* _Task statement_: Where the string "with" occurs in a line of the entries below, copy that line.

>>>>

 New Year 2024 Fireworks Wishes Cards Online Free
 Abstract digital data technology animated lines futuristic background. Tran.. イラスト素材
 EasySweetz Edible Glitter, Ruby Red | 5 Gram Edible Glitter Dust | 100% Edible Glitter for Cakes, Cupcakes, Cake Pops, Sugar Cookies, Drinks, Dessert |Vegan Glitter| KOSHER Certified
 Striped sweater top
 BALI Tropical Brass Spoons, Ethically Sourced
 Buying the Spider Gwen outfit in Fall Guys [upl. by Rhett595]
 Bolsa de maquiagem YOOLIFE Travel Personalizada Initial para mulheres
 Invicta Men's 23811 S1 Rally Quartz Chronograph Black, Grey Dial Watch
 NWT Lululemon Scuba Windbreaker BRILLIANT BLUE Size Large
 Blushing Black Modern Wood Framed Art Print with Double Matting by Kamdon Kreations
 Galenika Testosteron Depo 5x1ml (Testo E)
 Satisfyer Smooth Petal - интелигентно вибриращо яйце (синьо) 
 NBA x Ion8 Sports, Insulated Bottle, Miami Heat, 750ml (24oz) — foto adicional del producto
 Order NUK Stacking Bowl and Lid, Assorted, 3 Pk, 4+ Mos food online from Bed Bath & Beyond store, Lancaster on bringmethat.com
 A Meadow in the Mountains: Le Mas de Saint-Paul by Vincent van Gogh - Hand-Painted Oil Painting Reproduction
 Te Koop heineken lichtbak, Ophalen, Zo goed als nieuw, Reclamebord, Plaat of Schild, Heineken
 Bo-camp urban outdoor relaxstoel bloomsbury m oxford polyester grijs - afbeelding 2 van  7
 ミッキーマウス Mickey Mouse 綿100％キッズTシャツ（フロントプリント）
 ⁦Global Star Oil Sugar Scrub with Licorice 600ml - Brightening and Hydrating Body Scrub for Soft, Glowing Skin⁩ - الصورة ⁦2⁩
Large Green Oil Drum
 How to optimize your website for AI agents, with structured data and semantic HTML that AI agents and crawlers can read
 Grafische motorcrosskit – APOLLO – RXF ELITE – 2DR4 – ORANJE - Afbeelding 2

<<<<

* _Output for this exercise_:
 Blushing Black Modern Wood Framed Art Print with Double Matting by Kamdon Kreations
 ⁦Global Star Oil Sugar Scrub with Licorice 600ml - Brightening and Hydrating Body Scrub for Soft, Glowing Skin⁩ - الصورة ⁦2⁩
 How to optimize your website for AI agents, with structured data and semantic HTML that AI agents and crawlers can read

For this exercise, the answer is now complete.